Bad hair day!
Here I am, sitting with lacklustre eyes, staring at the PC monitor. I guess I need a break from my night shifts (which I do only about twice/thrice a week anyways), or I need more sleep. A break? I am getting too ambitious, or too old.
For all my bravado about the earthquake, haven't been able to catch a good night's sleep so far. And I went for a looooong walk, with Nandita in the pram this morning, so that unusual activity's made me feel really tired, I guess. I should do it more often to get used to it.
I am really looking forward to my day off tomorrow, but Nandana has already got big plans for me, some of which include buying some of her school books and also picking up a secret gift for Daddy, whose b'day is on Monday.

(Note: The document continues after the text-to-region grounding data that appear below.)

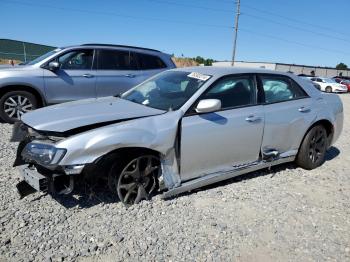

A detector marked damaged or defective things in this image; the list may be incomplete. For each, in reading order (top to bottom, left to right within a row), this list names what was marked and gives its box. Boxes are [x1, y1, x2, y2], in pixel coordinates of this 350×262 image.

crumpled hood [21, 96, 165, 132]
damaged front end [11, 123, 82, 199] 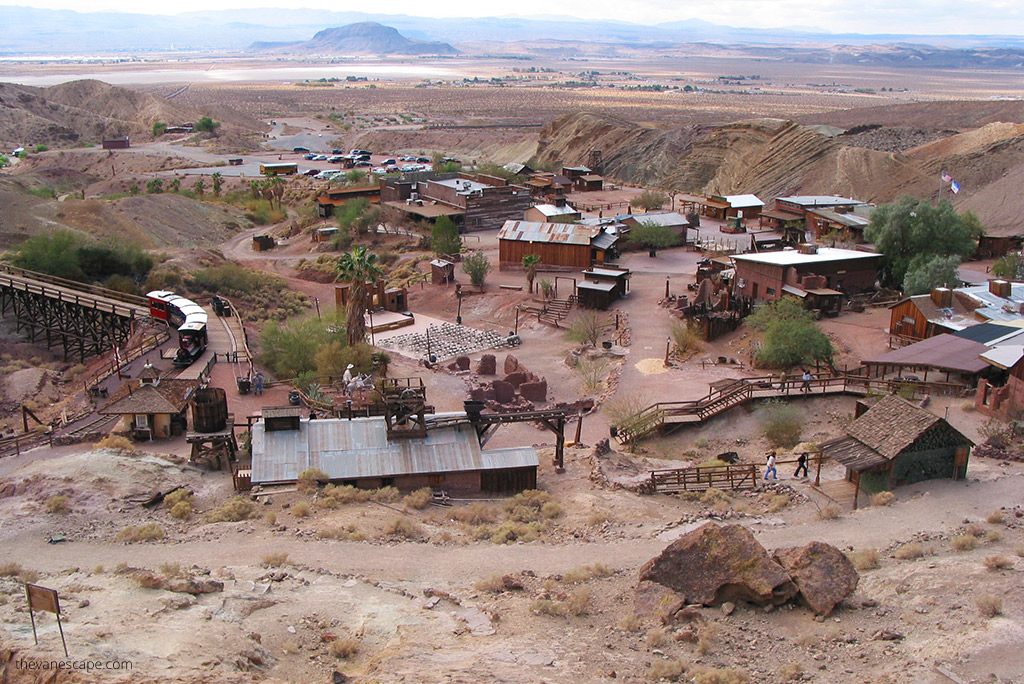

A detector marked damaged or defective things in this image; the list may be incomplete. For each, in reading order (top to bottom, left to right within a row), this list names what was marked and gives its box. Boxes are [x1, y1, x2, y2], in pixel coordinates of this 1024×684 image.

rusted metal roof [500, 222, 604, 246]
rusted metal roof [250, 414, 536, 484]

My presence is a must, as I am the chaffeur. But come what may, I am determined to have my afternoon nap (famous last words). And I solemnly swear that I won't go shopping.

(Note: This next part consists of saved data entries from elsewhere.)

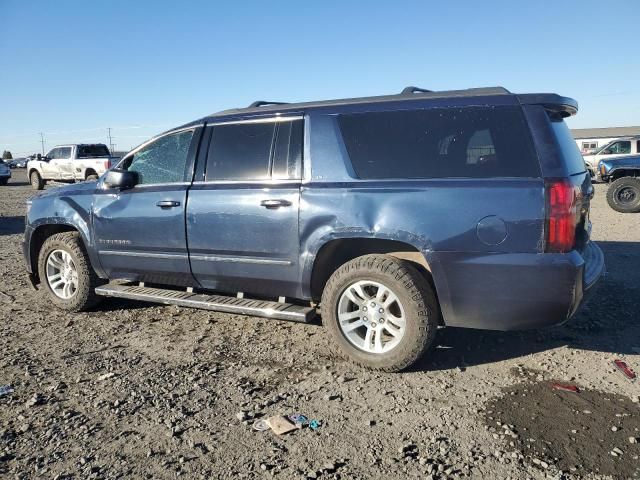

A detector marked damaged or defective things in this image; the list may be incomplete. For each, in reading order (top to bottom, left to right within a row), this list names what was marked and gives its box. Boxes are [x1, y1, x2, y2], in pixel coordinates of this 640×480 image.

damaged blue suburban [23, 86, 604, 372] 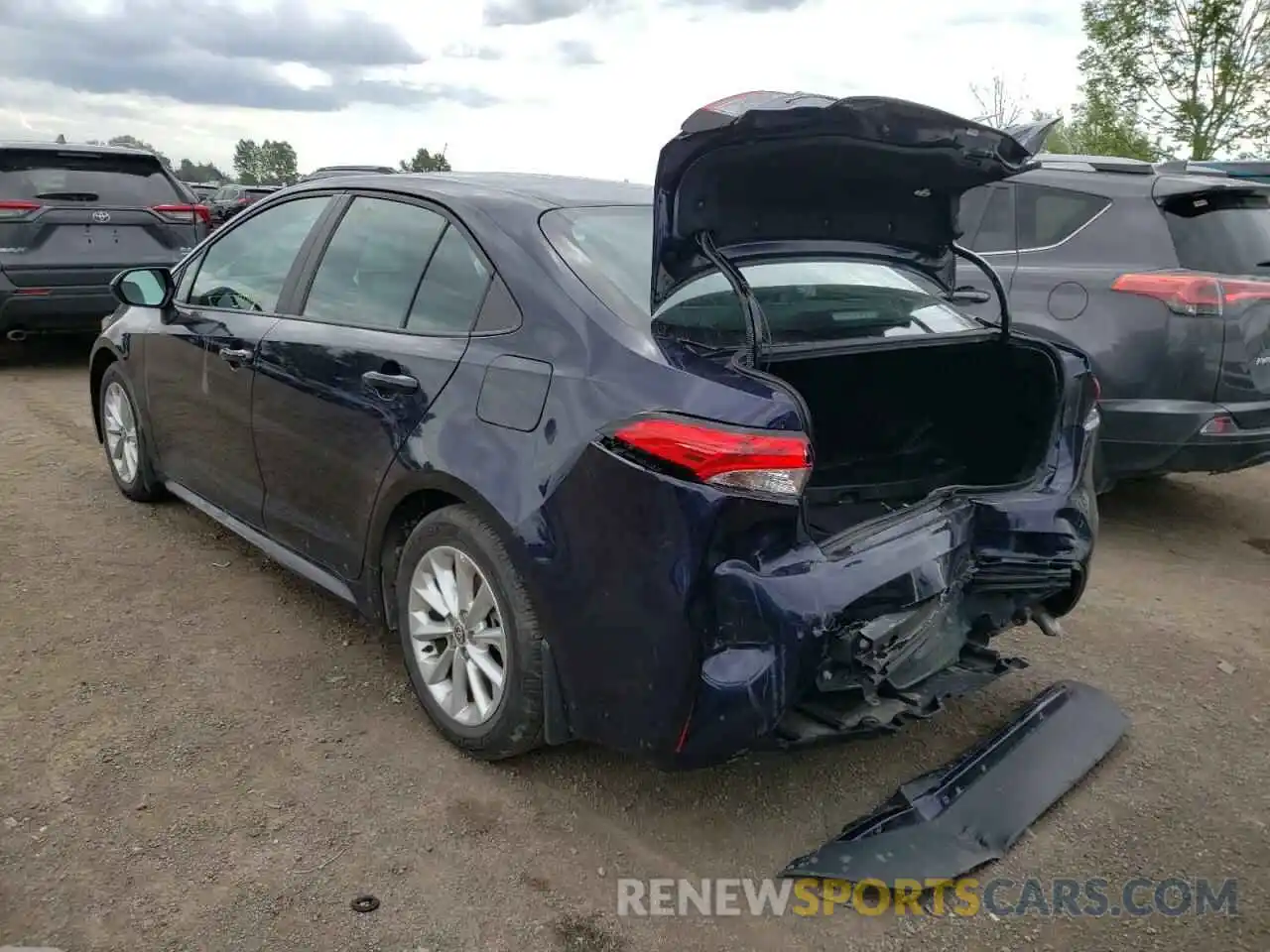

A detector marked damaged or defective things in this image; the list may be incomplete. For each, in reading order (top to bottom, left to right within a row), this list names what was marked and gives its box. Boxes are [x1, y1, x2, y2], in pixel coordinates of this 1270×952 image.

damaged blue sedan [89, 93, 1102, 772]
detached bumper cover [777, 680, 1127, 883]
crumpled sheet metal [782, 680, 1132, 883] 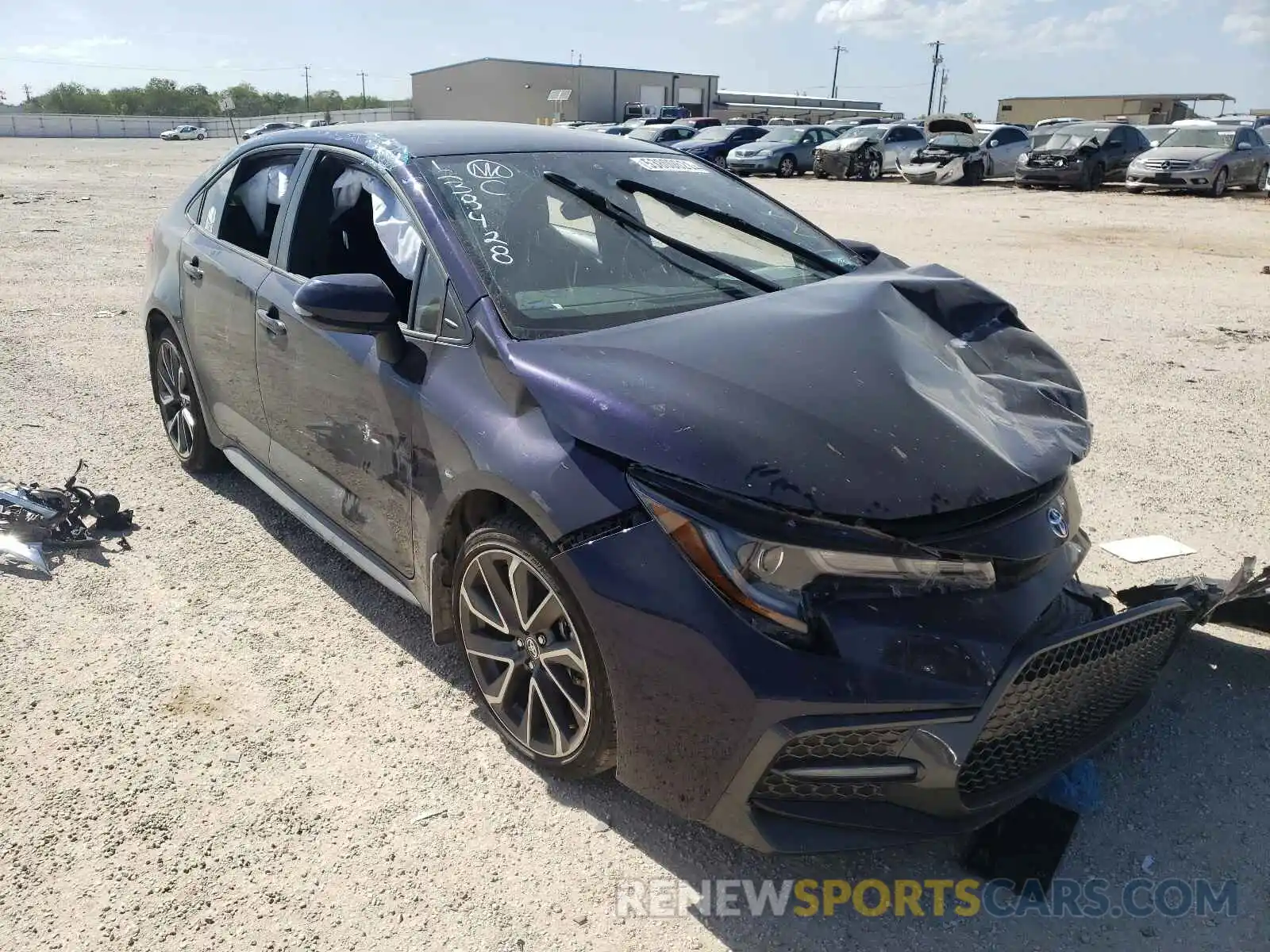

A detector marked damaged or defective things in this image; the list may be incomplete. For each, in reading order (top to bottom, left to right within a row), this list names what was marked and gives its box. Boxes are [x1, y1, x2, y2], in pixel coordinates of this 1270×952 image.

damaged car in background [894, 115, 1031, 186]
detached front bumper [1016, 163, 1087, 186]
detached front bumper [1127, 166, 1214, 191]
crumpled car hood [495, 257, 1092, 517]
broken plastic part on ground [0, 459, 135, 578]
damaged dark blue sedan [144, 121, 1194, 858]
damaged car in background [141, 121, 1239, 858]
broken plastic part on ground [1118, 559, 1270, 642]
detached front bumper [551, 515, 1194, 858]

Today wasn't great though, even otherwise. Owen, the public health nurse was kind enough to drop off the medicines at home for Nandita fairly early in the morning. Dilemma _ should she have 'em or not? After all, they are strong anti-biotics to have for two months nearly....esply when her test came out negative. However, what if the second Mantoux test shows up as positive in March? I'll have to give her the drugs anyways.....choices, choices!
Sluggies during even daytime after the Tony, the pest control guy patched up the holes in the kitchen. Looks like they will have to take the kitchen apart and spray! Help, already half my kitchen is in my dining room. Good thing Periamma and Periappa have postponed their trip. Gives us time to fix the house, re the slugs, at least.
I am also feeling a little depressed that not many NRIs seem to have been perturbed enough by the JJ article to write to the editor. Sad but true. I would if I could, but I can't, so I won't.
My dosas for lunch were semi-blackened funny shaped pieces of dough. I think I will stick to idlis from now on.
I am also sad that Parveen Babi is dead. I used to think she was the height of cool when she was acting! And she was such a good looker! Fame isn't as glamourous as we think it is!
And the Satara tragedy. Plus a bad hair day. Blast, why aren't the vitamin pills working anymore?
To end on a note of forced cheefulness, had a beautiful gourmet boysenberry icrecream (a tiny one) for dessert. *sigh* there goes my resolve to eat healthy!